Assignment: What is needed here is a verbatim copy of the records that follow.

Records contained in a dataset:
************
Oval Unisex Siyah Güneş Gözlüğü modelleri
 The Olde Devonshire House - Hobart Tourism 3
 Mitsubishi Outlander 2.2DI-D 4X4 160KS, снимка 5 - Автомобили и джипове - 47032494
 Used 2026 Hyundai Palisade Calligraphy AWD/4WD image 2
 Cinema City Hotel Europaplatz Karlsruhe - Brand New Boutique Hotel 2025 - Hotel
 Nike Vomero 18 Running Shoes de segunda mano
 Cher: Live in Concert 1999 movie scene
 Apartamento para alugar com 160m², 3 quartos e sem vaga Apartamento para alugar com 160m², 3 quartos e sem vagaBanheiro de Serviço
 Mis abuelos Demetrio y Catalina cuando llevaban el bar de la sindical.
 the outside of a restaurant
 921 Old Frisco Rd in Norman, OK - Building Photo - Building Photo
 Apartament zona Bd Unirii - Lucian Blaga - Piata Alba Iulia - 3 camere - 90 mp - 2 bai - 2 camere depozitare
************
Solution to the exercise:
Oval Unisex Siyah Güneş Gözlüğü modelleri
 The Olde Devonshire House - Hobart Tourism 3
 Mitsubishi Outlander 2.2DI-D 4X4 160KS, снимка 5 - Автомобили и джипове - 47032494
 Used 2026 Hyundai Palisade Calligraphy AWD/4WD image 2
 Cinema City Hotel Europaplatz Karlsruhe - Brand New Boutique Hotel 2025 - Hotel
 Nike Vomero 18 Running Shoes de segunda mano
 Cher: Live in Concert 1999 movie scene
 Apartamento para alugar com 160m², 3 quartos e sem vaga Apartamento para alugar com 160m², 3 quartos e sem vagaBanheiro de Serviço
 Mis abuelos Demetrio y Catalina cuando llevaban el bar de la sindical.
 the outside of a restaurant
 921 Old Frisco Rd in Norman, OK - Building Photo - Building Photo
 Apartament zona Bd Unirii - Lucian Blaga - Piata Alba Iulia - 3 camere - 90 mp - 2 bai - 2 camere depozitare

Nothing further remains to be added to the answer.